X_val = np.load("../data/X_val.npy")
y_val = np.load("../data/y_val.npy")

X_test = np.load("../data/X_test.npy")
y_test = np.load("../data/y_test.npy")

print(f"X_train shape: {X_train.shape}")
print(f"y_train shape: {y_train.shape}")

# match shape for linear regression (expects 2D input)
if len(X_train.shape) > 2:
    X_train = X_train.reshape(X_train.shape[0], -1)
    X_val = X_val.reshape(X_val.shape[0], -1)
    X_test = X_test.reshape(X_test.shape[0], -1)

X_train shape: (294359, 12, 13)
y_train shape: (294359, 13)


## 2.2 train the model

In [4]:
model = LinearRegression()
model.fit(X_train, y_train)

joblib.dump(model, "../models/linear_regression_weather.pkl")

['../models/linear_regression_weather.pkl']

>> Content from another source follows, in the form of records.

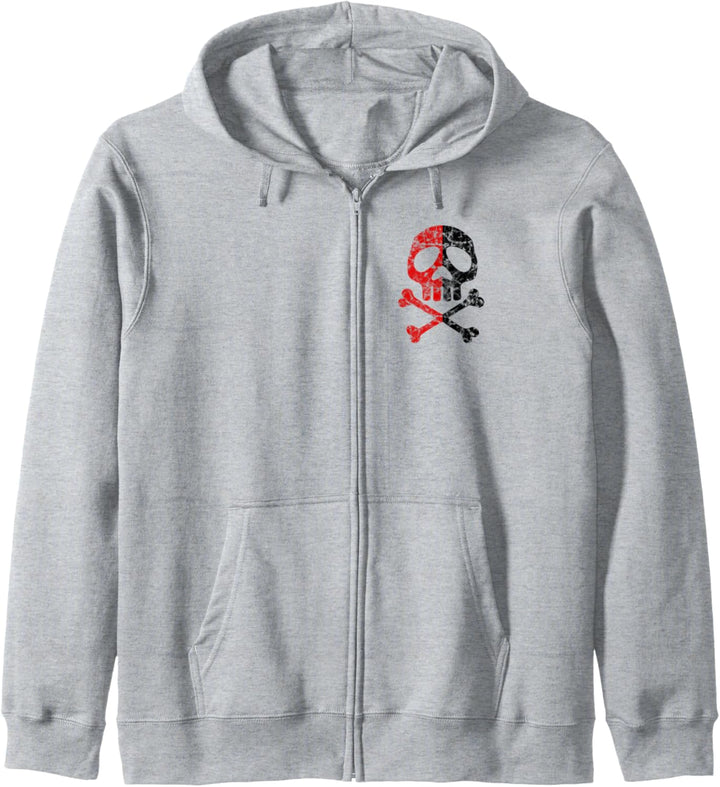 Schädel, Anarchie, Farbe Schwarz Rot, Pirat, Rebel, Punk Kapuzenjacke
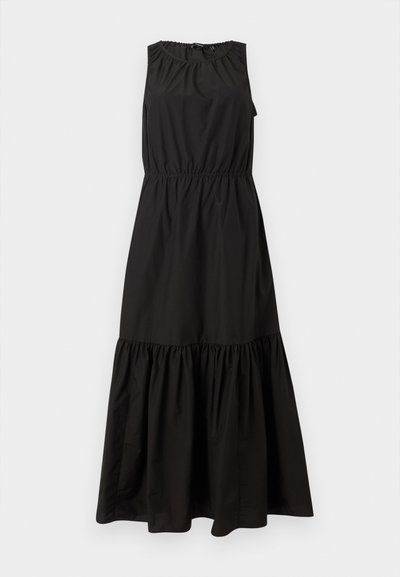 Black sleeveless dress featuring an elastic waistband, gathered neckline, and a tiered, ruffled hemline, made of lightweight fabric.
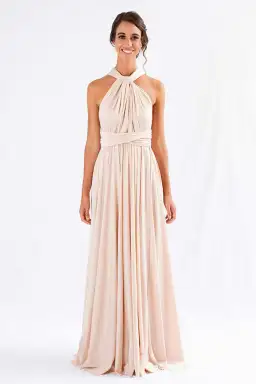 Model Chic Luxe Satin Multi-Way Infinity Dress Nude Size 10 for rent on The Volte - image 1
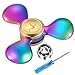 SYOURSELF Titanium Alloy Tri-Spinner Hand Fidget Toy +1 Replacement Stainless Steel Bearing-4-7min High Speed, Quiet EDC Focus Toy for Stress Relieve Anxiety Adult(Water Rainbow)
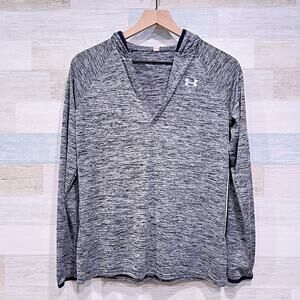 Under Armour Tech Twist Hoodie Tee Heather Gray Long Sleeve Womens Small
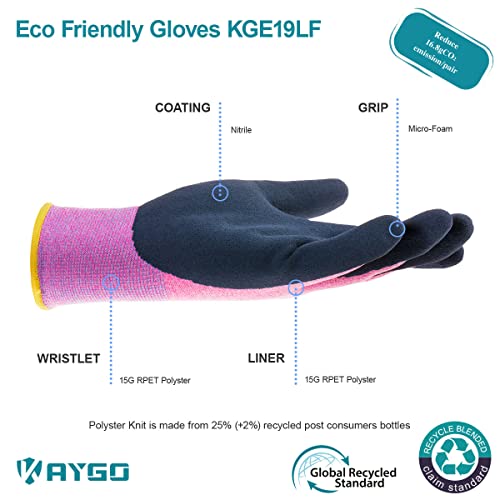 KAYGO Women's Work Gloves, Sandy Latex Grip, Breathable - color: Pink, size: Small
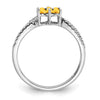 14k White Gold Gemstone and Diamond Floral Ring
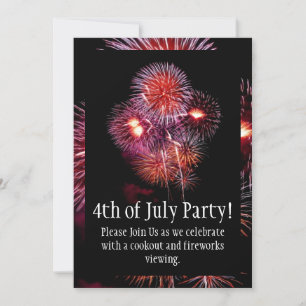 Convite de festas Black Fireworks 4 de julho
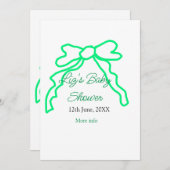 Grüne Buggreife Babydusche hinzufügen Datum modern Einladung (Vorne/Hinten)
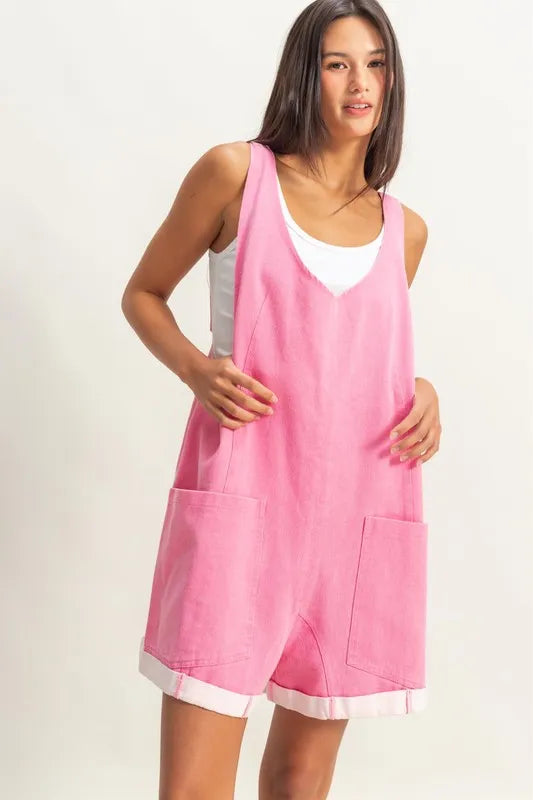 V-Neck Pocket Detail Romper -
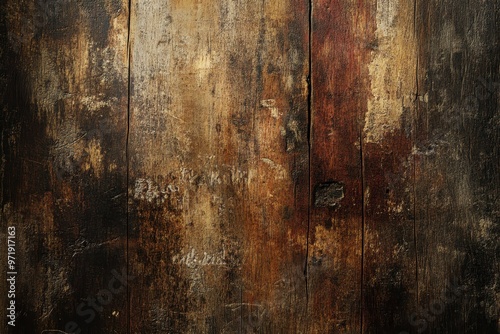 Weathered Wooden Planks with Cracks and Uneven Texture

## 2.3 evaluate on test set 

In [7]:
model = joblib.load("../models/linear_regression_weather.pkl")

y_pred_train = model.predict(X_train)
y_pred_test = model.predict(X_test)

In [8]:
test_loss = mean_squared_error(y_test, y_pred_test)
test_mae = mean_absolute_error(y_test, y_pred_test)
print("Test loss:", test_loss)
print("Test MAE:", test_mae)

Test loss: 0.001833838159962901
Test MAE: 0.012039638188533965


In [None]:
y_pred = y_pred_test

NUMERIC_COLS = [
    "p (mbar)",
    "T (degC)",
    "Tdew (degC)",
    "rh (%)",
    "VPmax (mbar)",
    "VPact (mbar)",
    "VPdef (mbar)",
    "sh (g/kg)",
    "H2OC (mmol/mol)",
    "rho (g/m**3)",
    "wv (m/s)",
    "max. wv (m/s)",
    "wd (deg)"
]


n_features = len(NUMERIC_COLS)
n_rows, n_cols = n_features, 1
fig, axes = plt.subplots(n_rows, n_cols, figsize=(15, 15))
axes = axes.flatten()

for i in range(n_features):
    ax = axes[i]
    ax.plot(y_test[:200, i], label="Actual", color='orange')
    ax.plot(y_pred[:200, i], label="Predicted", color='blue')
    ax.set_title(NUMERIC_COLS[i], fontsize=10)
    ax.legend(fontsize=8)
    ax.grid(True)

fig.suptitle("Actual vs predicted values (Linear Regression)", fontsize=14)
fig.tight_layout(rect=[0, 0, 1, 0.97])
plt.show()